Coming from a long history of business success in various organizations, President Kyle has done well in opening Radford to larger communities and improving its reputation. The Radford public transit system, which was co-sponsored by RU and allows students to ride free with their IDs, and the Dalton dining hall renovations, which gave a much-needed overhaul to an area that many new students rely on, have all been developed due to Kyle’s guidance. (Some students say the food now tastes better, too, although this is difficult to evaluate scientifically.) According to records, President Kyle may bring Radford up to a student body of 10,000 in coming years- something that has never before been achieved in Radford’s history. She brings, with her business expertise, great change to Radford University, but with a rising salary and benefits, some students and staff have conflicting feelings. Students, especially those who struggle with student loan debts, have some resentment when it comes to the administration.
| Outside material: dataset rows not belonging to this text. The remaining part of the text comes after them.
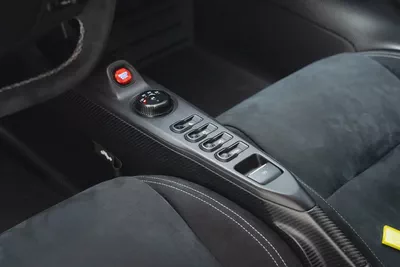 2021 FORD GT | CARBON SERIES | AKRAPOVIC EXHAUST-12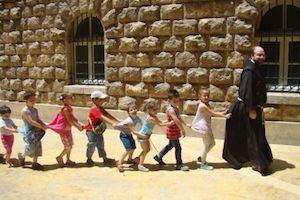 Padre Ibrahim Alsabagh con los niños de Alepo.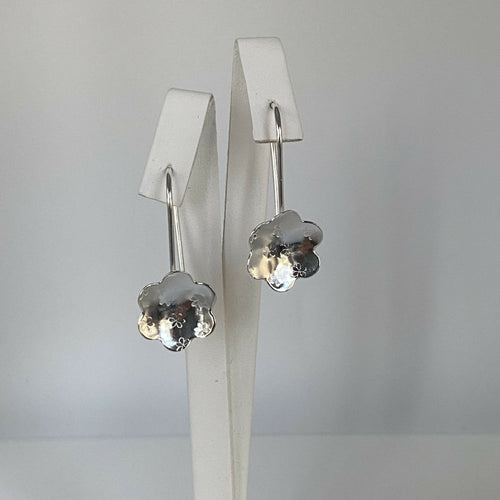 boucles_doreilles_fleurs_en_argent_massif_martele_artyssia copie | EMPREINTES Paris - EMPREINTES Paris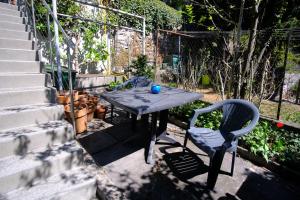 a table and two chairs in a yard with stairs at Chez Muna & Lucien in Thun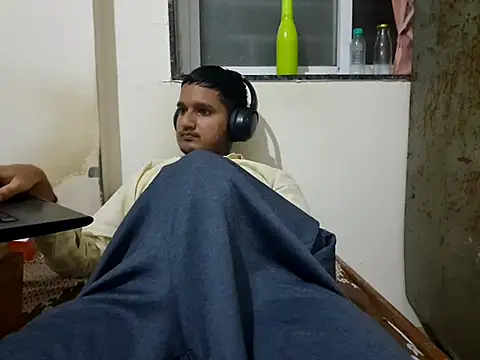 Snapshot of Jonrobinso chatting on December 2, 2025, 5:58 pm Jonrobinso online show from December 2, 2025, 5:58 pm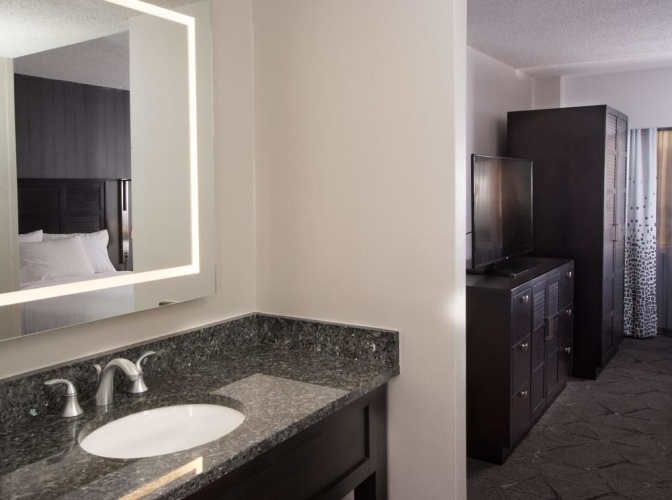 Embassy Suites by Hilton Raleigh Crabtree photo 12
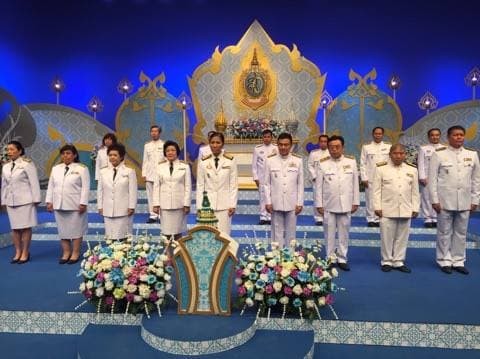 รัฐมนตรีว่าการกระทรวงการท่องเที่ยวและกีฬา(รมว.กก.) และ ปลัดกระทรวงการท่องเที่ยวและกีฬา นำข้าราชการในสังกัดร่วมถวายพระพรแด่สมเด็จพระนางเจ้าสิริกิติ์ ๑๒ สิงหาคม ๒๕๖๐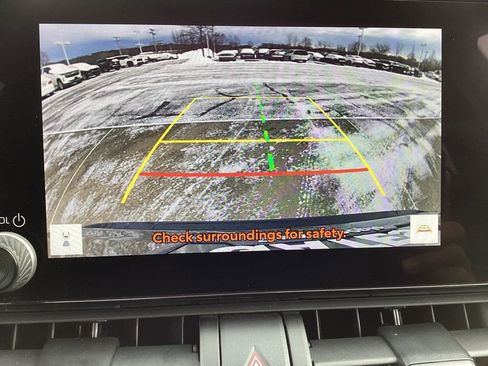 Used 2025 Toyota RAV4 XLE image 17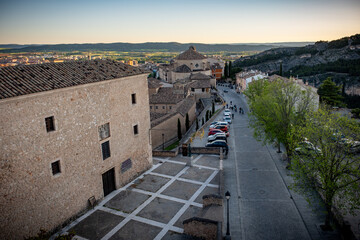 Vista de la ciudad medieval de Cuenca, situada en los acantilados en España.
Some complaints surround the wages that President Kyle is paid, or her ‘automobile allowance-‘ $1500 through the Radford University foundation, Inc. in addition to a vehicle provided by the foundation. She also received a $1M bonus, agreed upon in 2009, according to the Board of Visitors.

Max M., a sophomore in computer science, objected.

“I know she does a lot of work, but honestly, it still isn’t worth a one million dollar bonus,” he said. “Now, maybe a hundred thousand or so, but one million? Why don’t we give her a year’s tuition?”

With tuition rising, or threatening to rise, throughout Southwestern Virginia, it is difficult for many struggling students to see the demands and wages of high-ranking university administration as just. Students complain about what they see as greed on the part of the University, although by and large it is standard fare for University presidents to make a fair bit of more money than your average undergrad or even faculty member, even if the professor in question is tenured. This practice is occasionally controversial (opponents believe the president should only be paid as much as the highest-paid tenured professor) but this practice is widespread in business, as well.

Like anyone in any University life in general, administration deals with reputation issues and public grief. Whether or not students and faculty approve or disapprove of President Kyle, we try to come from a standpoint that is as well-informed as possible, and to acknowledge the good with the bad.